WB and ADB warn Asian poverty could spark instability

MANILA (AFP): Asia's rising poverty could become a source of political instability in the region, the presidents of the Asian Development Bank and the World Bank warned on Monday.

"Growing dissatisfaction with inequality threatens social and political cohesion and casts doubts on the morality of economic reform, liberalization and globalization," ADB president Tadao Chino told delegates as he opened a four-day international conference on combating poverty in Asia and the Pacific.

"Poverty in a world as innovative and resourceful as ours is unacceptable," he added.

In a statement issued at the conference, World Bank president James Wolfensohn said "money alone" could not diminish poverty and that issues like social safety nets and improved infrastructure as well as better economic and political programs were needed.

He said the world population would rise to eight billion within 25 years, and "unless we can deal with the issue of poverty, there will be no peace in this planet over the next 25 years."

The lenders did not single out any country for criticism. Forty-three nations and territories sent delegates representing governments, non-governmental organizations and academic institutions.

But Shoji Nishimoto of the ADB's strategy and policy department remarked that "where you have very unequal income distribution, that country cannot maintain stability."

He said increased globalization could also bring the public's attention to economic inequality within a country.

"People expect the market to play a fair game and people will wonder why the (results) are uneven," he said. Chino said that despite rapid growth in recent decades, two-thirds of the world's poor live in Asia.

"Poverty is not immutable," he said. "Public policy and action can alleviate poverty."

He said since that since 1999, the ADB had made poverty reduction its main priority, stressing that "growth is the most powerful weapon in the fight against poverty."

However, growth alone was not sufficient and any growth must be "pro-poor and sustainable" to have an impact on poverty, he added.

It must be accompanied by social development such as basic education and measures to eliminate gender discrimination, Chino said.

Growth must also be accompanied by good administration to ensure it is not wasted, he added.

The ADB meanwhile said it was close to achieving its objective of allocating 40 percent of its resources to poverty reduction.

Speaking at the same forum, Hafez Pasha, the UN Development Program (UNDP) assistant administrator and director for Asia- Pacific, called for the strengthening of democratic measures and a review of countries' economic liberalization policies as part of the effort to alleviate poverty worldwide.

In a veiled reference to the International Monetary Fund (IMF) policies against fiscal deficits, Pasha said developing countries should not let "a preoccupation with fiscal deficits" lead to the adoption of policies that hurt the poor.

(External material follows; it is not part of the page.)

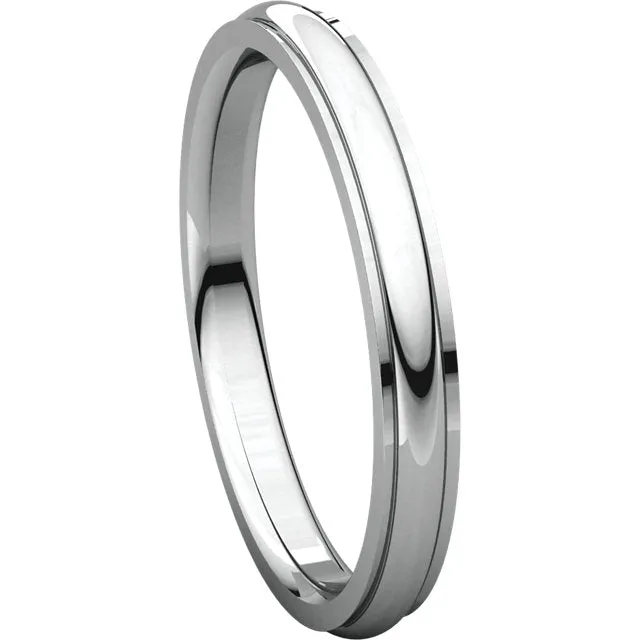 14k White Gold 2.5mm Comfort Fit Edge Band , Size 7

Pasha also said the Asian crisis of 1997 showed that trade liberalization policies combined with ill-timed financial liberalization could actually worsen poverty.

He said he was not calling for huge fiscal deficits but remarked that countries could focus on boosting revenues through better tax collection rather than by cutting spending.

Alleviating poverty requires "much more focus on employment generation," a "dissolution of assets" as well as "empowerment of the poor" and "development of democratic institutions" to allow such empowerment.